Work to complete
Write the data out again exactly, dropping any images it holds.

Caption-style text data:
_ _ _ _ _

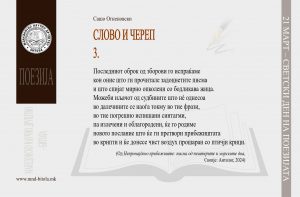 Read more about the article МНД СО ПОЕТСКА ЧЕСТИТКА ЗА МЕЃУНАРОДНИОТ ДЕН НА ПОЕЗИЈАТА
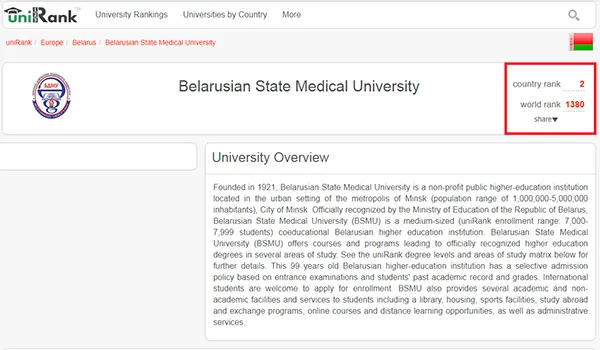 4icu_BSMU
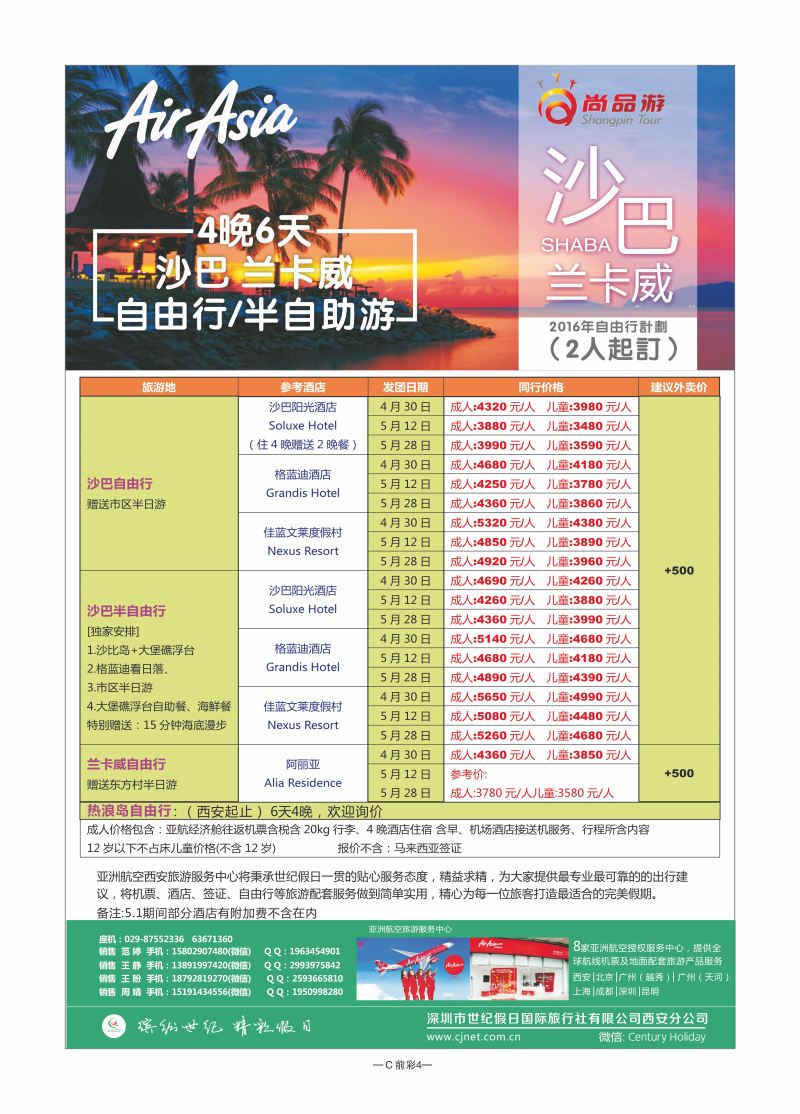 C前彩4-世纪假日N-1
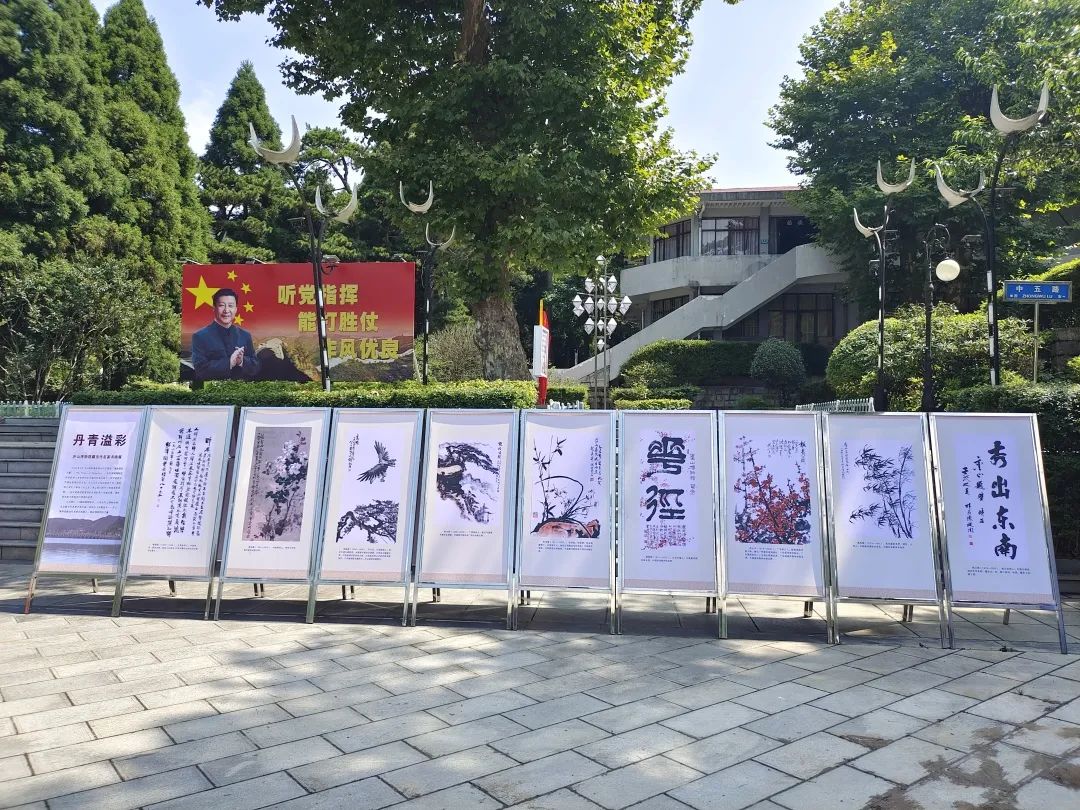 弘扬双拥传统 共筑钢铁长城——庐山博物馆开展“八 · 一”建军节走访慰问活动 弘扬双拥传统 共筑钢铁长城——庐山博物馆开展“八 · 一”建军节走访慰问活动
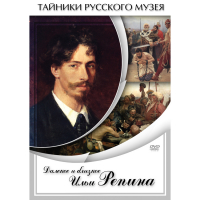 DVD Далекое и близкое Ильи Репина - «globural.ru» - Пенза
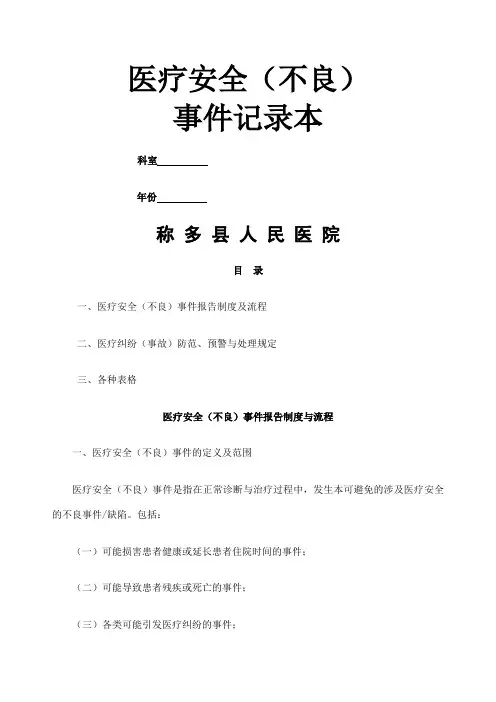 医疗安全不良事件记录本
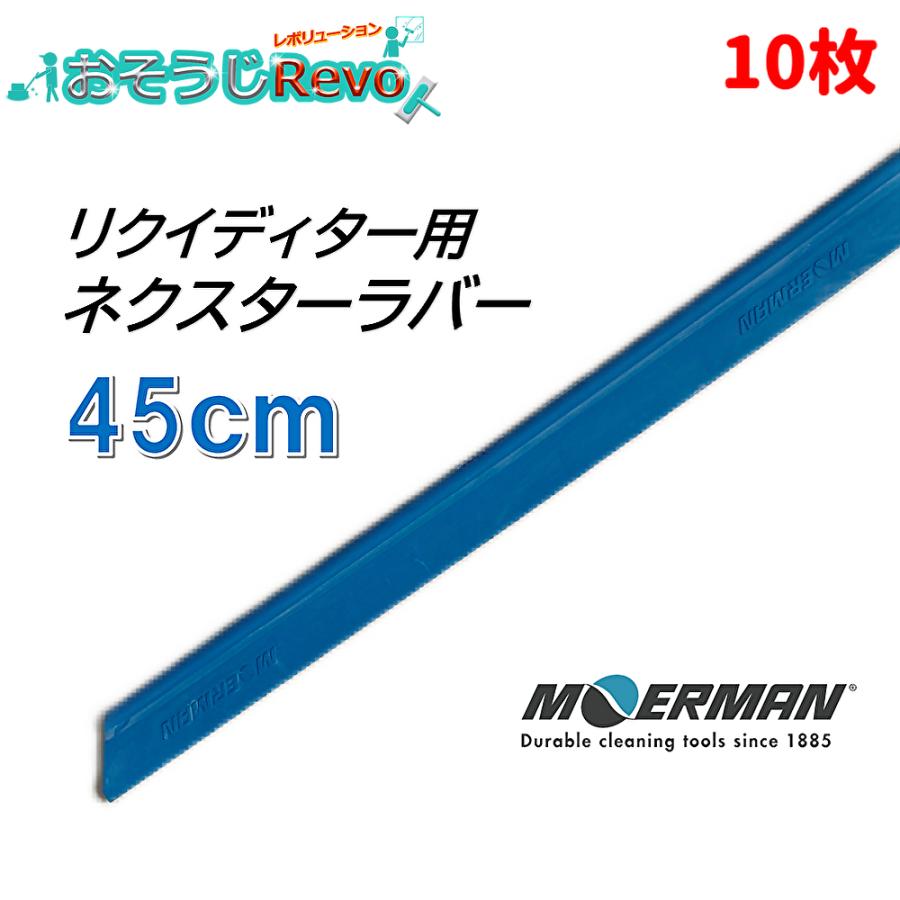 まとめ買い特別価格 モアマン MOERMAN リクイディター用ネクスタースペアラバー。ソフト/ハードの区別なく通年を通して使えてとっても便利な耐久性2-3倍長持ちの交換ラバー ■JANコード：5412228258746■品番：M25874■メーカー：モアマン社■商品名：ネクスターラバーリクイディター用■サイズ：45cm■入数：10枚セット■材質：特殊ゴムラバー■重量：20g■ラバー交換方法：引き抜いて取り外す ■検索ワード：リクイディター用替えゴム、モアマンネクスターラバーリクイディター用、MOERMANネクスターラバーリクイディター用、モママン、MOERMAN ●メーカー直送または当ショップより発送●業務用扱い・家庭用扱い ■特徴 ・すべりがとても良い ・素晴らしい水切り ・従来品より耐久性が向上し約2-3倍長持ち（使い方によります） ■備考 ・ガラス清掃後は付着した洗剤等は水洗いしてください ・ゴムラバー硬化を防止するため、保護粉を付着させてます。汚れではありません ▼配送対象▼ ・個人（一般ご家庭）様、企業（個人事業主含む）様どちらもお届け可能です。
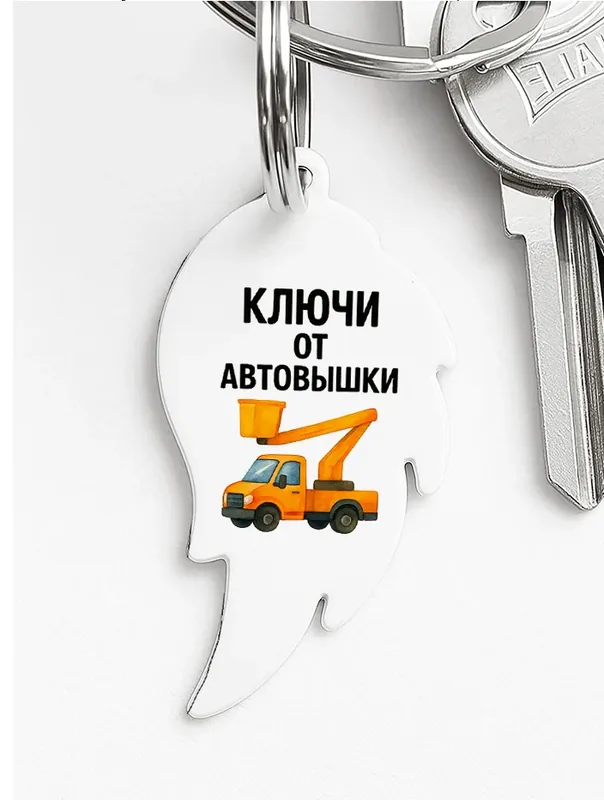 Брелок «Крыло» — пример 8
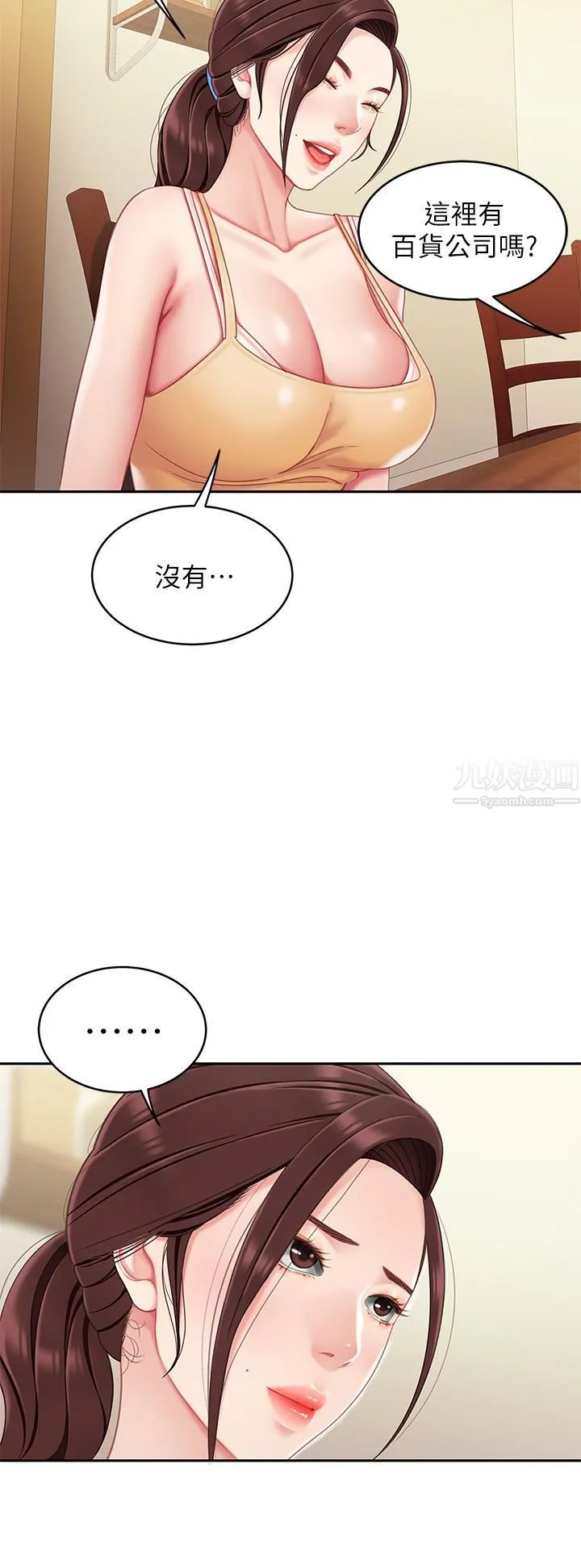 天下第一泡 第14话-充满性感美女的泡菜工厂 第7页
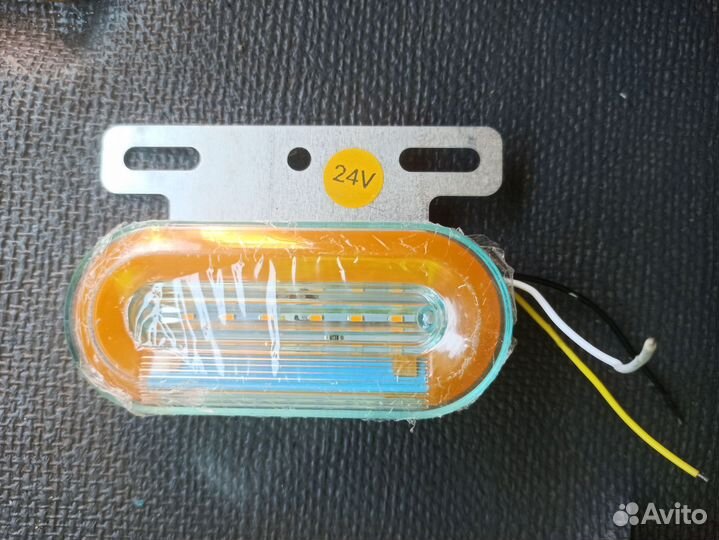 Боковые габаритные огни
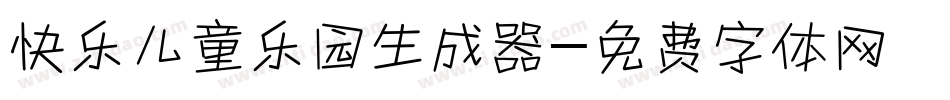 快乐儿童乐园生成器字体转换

_ _ _ _ _

Solution for this task
 Read more about the article МНД СО ПОЕТСКА ЧЕСТИТКА ЗА МЕЃУНАРОДНИОТ ДЕН НА ПОЕЗИЈАТА
 4icu_BSMU
 C前彩4-世纪假日N-1
 弘扬双拥传统 共筑钢铁长城——庐山博物馆开展“八 · 一”建军节走访慰问活动 弘扬双拥传统 共筑钢铁长城——庐山博物馆开展“八 · 一”建军节走访慰问活动
 DVD Далекое и близкое Ильи Репина - «globural.ru» - Пенза
 医疗安全不良事件记录本
 まとめ買い特別価格 モアマン MOERMAN リクイディター用ネクスタースペアラバー。ソフト/ハードの区別なく通年を通して使えてとっても便利な耐久性2-3倍長持ちの交換ラバー ■JANコード：5412228258746■品番：M25874■メーカー：モアマン社■商品名：ネクスターラバーリクイディター用■サイズ：45cm■入数：10枚セット■材質：特殊ゴムラバー■重量：20g■ラバー交換方法：引き抜いて取り外す ■検索ワード：リクイディター用替えゴム、モアマンネクスターラバーリクイディター用、MOERMANネクスターラバーリクイディター用、モママン、MOERMAN ●メーカー直送または当ショップより発送●業務用扱い・家庭用扱い ■特徴 ・すべりがとても良い ・素晴らしい水切り ・従来品より耐久性が向上し約2-3倍長持ち（使い方によります） ■備考 ・ガラス清掃後は付着した洗剤等は水洗いしてください ・ゴムラバー硬化を防止するため、保護粉を付着させてます。汚れではありません ▼配送対象▼ ・個人（一般ご家庭）様、企業（個人事業主含む）様どちらもお届け可能です。
 Брелок «Крыло» — пример 8
 天下第一泡 第14话-充满性感美女的泡菜工厂 第7页
 Боковые габаритные огни
 快乐儿童乐园生成器字体转换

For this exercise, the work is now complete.